ADuC812 is an 8-channel 12-bit successive approximation A/D converter. It has the following features (see Analog Devices' information: MicroConverter, Multichannel 12-Bit ADC withEmbedded Flash MCU ADuC812, 2002):
Contains 8-channel high-precision 12-bit A/D converter; sampling conversion rate up to 200kHz; high-speed data storage from ADC to external data memory can be achieved through DMA controller; the chip also contains 2 12-bit D/A converters; the chip contains a temperature sensor; the chip integrates an 8051-compatible MCU core, the operating frequency is 12MHz, up to 16MHz, the MCU has 3 16-bit timers/counters, 9 interrupt sources, and two levels of interrupt priority; the chip has 8K bytes of FLASH program memory, 640 bytes of FLASH data memory, and 256 bytes of on-chip RAM data memory, and can also expand 16M bytes of external data memory and 64K bytes of program memory; low voltage 3V or 5V power supply, with power saving mode; with UART and SPI serial interface; with watchdog timer.
2. Pin Description
ADuC812 uses S-52 package. Most of its pins have the same functions as the corresponding pins of 8051. The functions of several main pins are as follows:
P1 port: Different from the P1 port of 8051, it can only be used as an input port for analog or digital signals, but not as an output port. The default state is 8-way analog signal input terminal. To make any of them become a digital signal input pin, write a "0" signal to the corresponding bit of the special function register corresponding to the P1 port. If the corresponding bit of the special function register is "1", the pin corresponding to the bit is the analog signal input pin;
DAC0, DAC1: analog signal output pins of two-way D/A converters;
SS, SCLK, MOSI, MISO: serial device interface (SPI).
SS is the slave device selection of the SPI interface, used in multi-machine communication, SCLK is the SPI interface clock, MOSI and MISO are input/output data lines;
D0, D1: digital output pins multiplexed with the SPI interface, digital signals are output from D0 or D1 pins through the DCON special function register;
T2: digital signal input pin of timer 2;
T2EX: digital input pin, reads the counter of timer 2 or reloads the trigger pin of the counter, valid when negative jump.
The functions of other pins are the same as those of the corresponding pins of 8051.
3. Usage method
3.1 Program memory
The program memory is divided into on-chip program memory and off-chip program memory.
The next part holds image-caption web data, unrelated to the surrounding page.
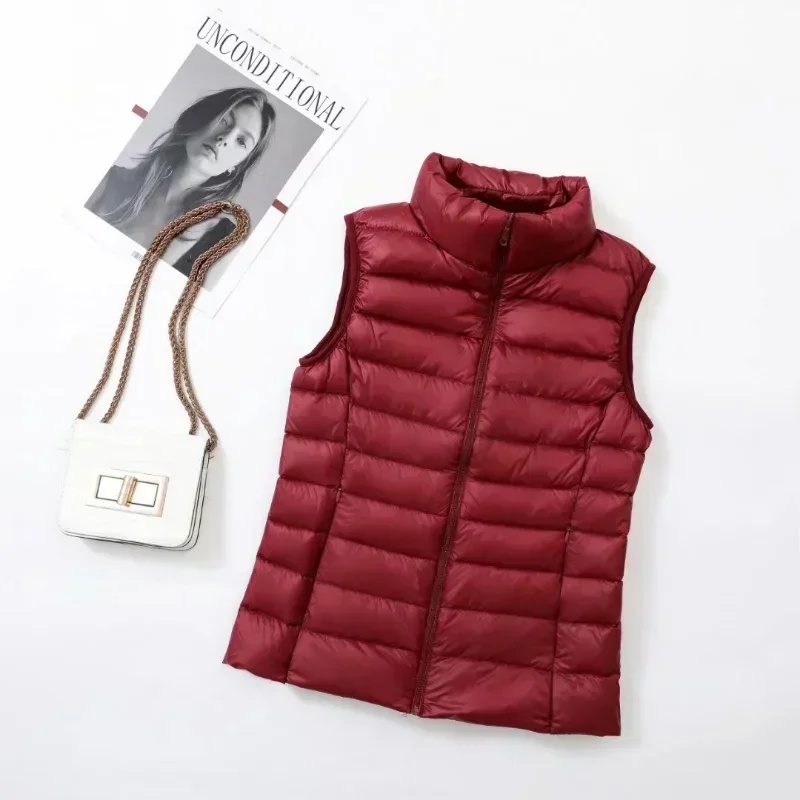 11 Colors Women Vest 2023 New  - огляд і ціна Down Vest Ultralight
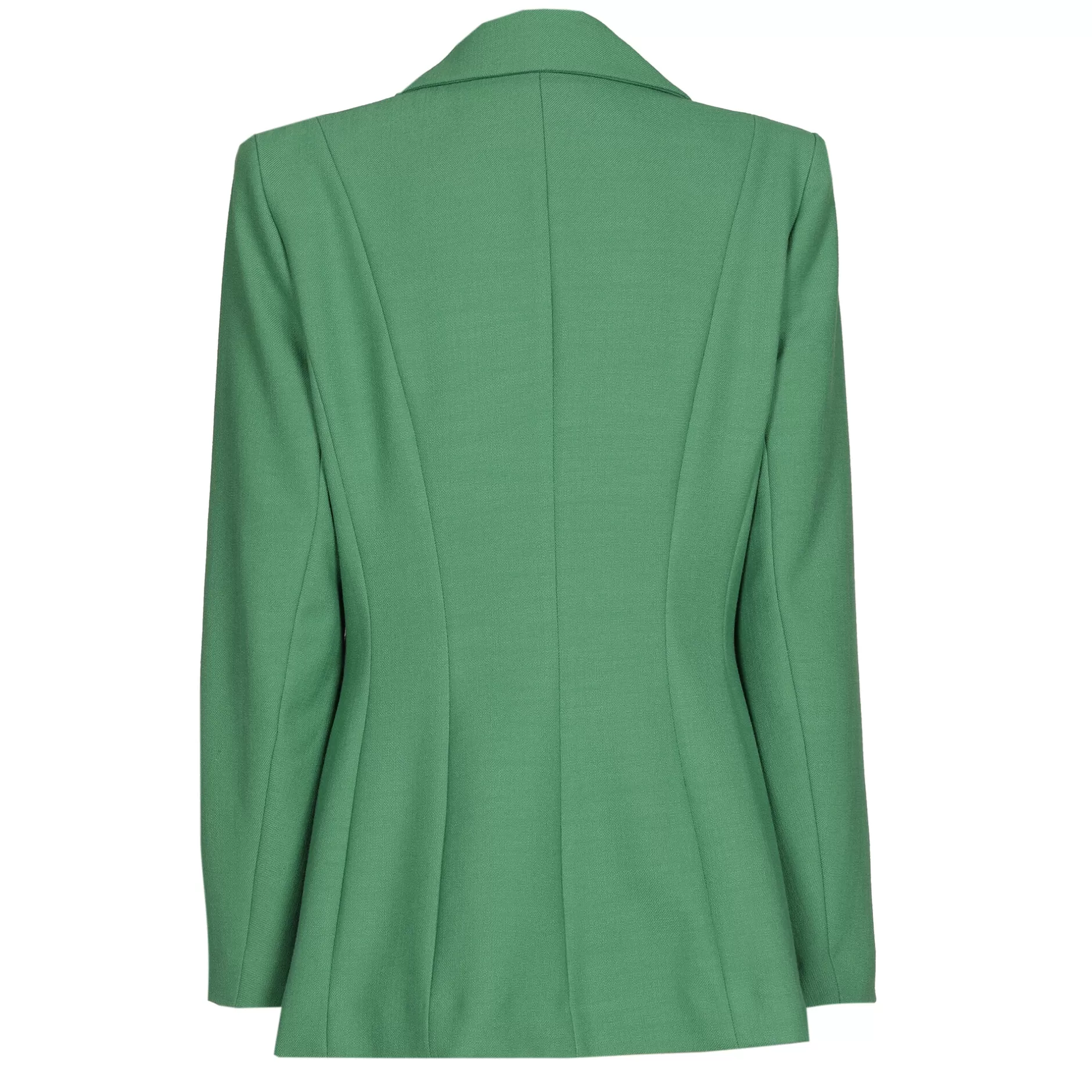 Caroline Biss 1823-62 / Licht Aansluitende Comfortabele Lange Citylook Blazer*Vrouwen Vesten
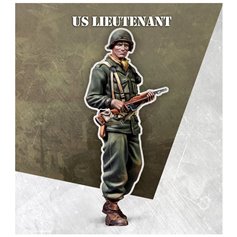Scale75 1:35 US Lieutenant - figurka żywiczna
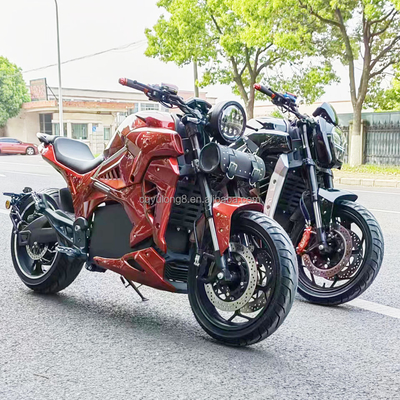 72V 3000W 5000W Moto elettrica a motore medio per adulti Off Road Dirt Bike Sportbike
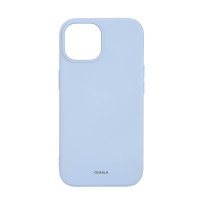 iPhone 15 Skal Silicone Touch MagSeries Ljusblå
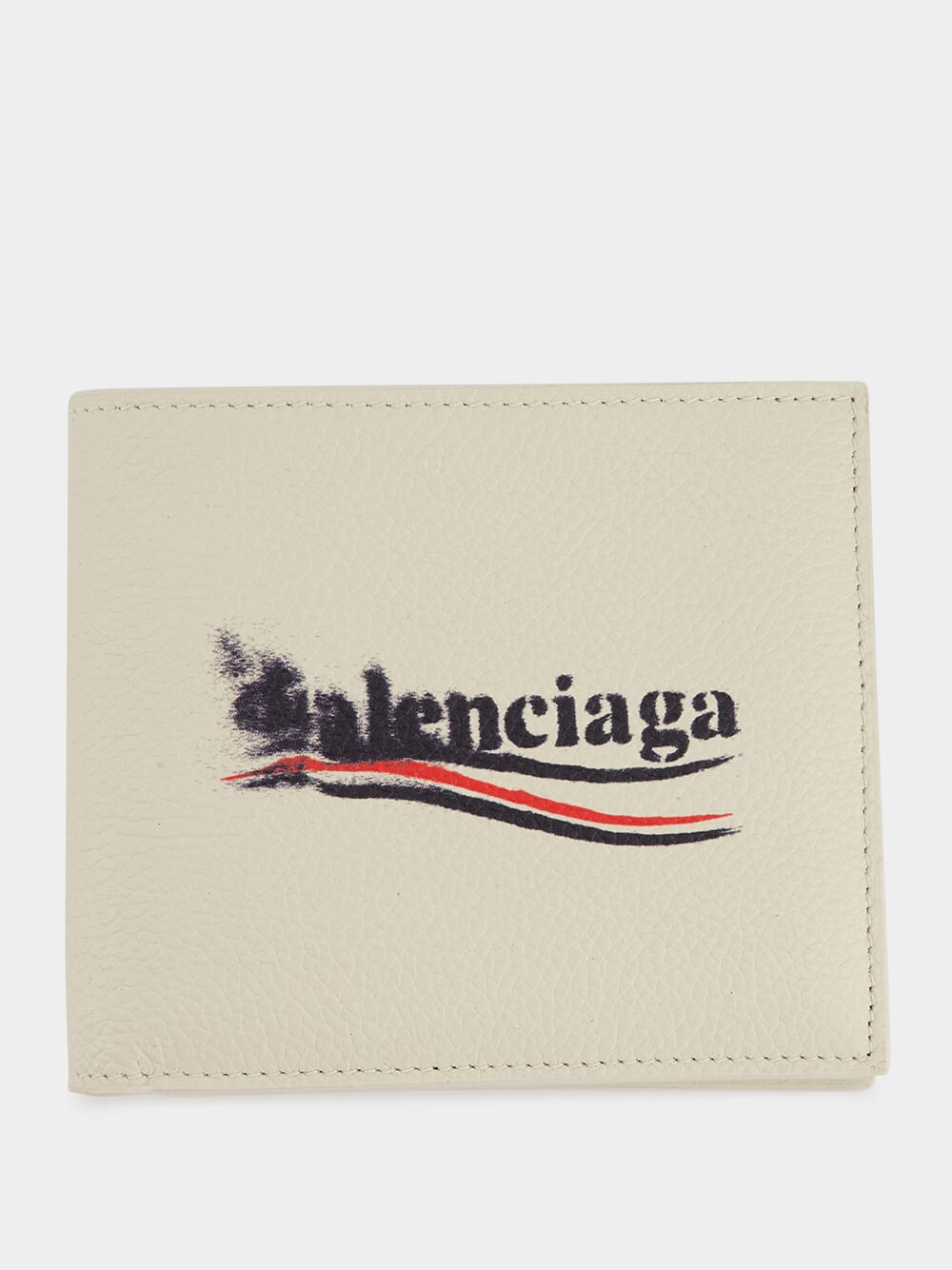 Light Beige Grained Wallet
The on-chip contains 8K bytes of FLASH programmable program memory, which can meet the design requirements of most data acquisition systems. This section of program memory can be written in two ways. One is to write serial download through the standard UART serial interface. When the PSEN pin is grounded through an external resistor, it automatically enters the serial download mode after power-on, and automatically downloads the program from the external development system through the serial port; the second method is the same as the programming method of E2PROM, and parallel writing is performed through the programmer.
3.2 Data Memory
The user data memory of ADuC812 consists of three parts: 640 bytes of FLASH data memory on-chip, 256 bytes of RAM, and 16M bytes of data memory off-chip. The 640 bytes of data memory are divided into 160 pages, 4 bytes per page, and are accessed through 6 special function registers, namely, ECON, EADRL, and EDATA1~4. The EADRL register specifies the page address to be accessed, and the ECON control register can control the data exchange between the EDATA1~4 registers and the 4 memories in the page specified by EADRL. ECON can also control the erase and verification operations of the FLASH data memory. Its control mode is shown in Table 1.

The addressing range of the external data memory is 000000H~0FFFFFFH, with a total address space of 16M bytes. The connection of the lower 16-bit address line is the same as the address connection method of the external data memory in the 8051 microcontroller system. The connection method of the upper 8 bits is to multiplex the P2 port, and use the ALE address latch signal to latch the lower 8-bit address signal of the P0 port while latching the higher 8-bit address signal to achieve the addressing of the 16M-byte address space. Its data pointer is different from that of the 8051 microcontroller, and is composed of three 8-bit registers, namely DPP (page byte), DPH (high byte), and DPL (low byte).
3.3 A/D Converter
ADuC812 contains an 8-channel single-power 12-bit successive approximation A/D converter. The linear error of the A/D converter is ±1/2 LSB, the conversion time is 5μs, and it can provide an internal 2.5V reference power supply. At the same time, it can also connect an external reference power supply from 2.5V to AVDD. The A/D conversion is controlled by the three special function registers ADCCON1~3. The conversion result can be saved in the two special function registers ADCDATAH/L. The lower 8 bits of the conversion data are saved in the ADCDATAL register, and the upper 4 bits are saved in the lower 4 bits of ADCDATAH. The upper 4 bits of ADCDATAH are used to save the sampling channel number. If the sampled data is large, such as continuously sampling the input analog signal at a rate of 200kHz, the DMA mode must be used at this time to directly save the sampled data in the external data memory, and then process the data after the sampling is completed.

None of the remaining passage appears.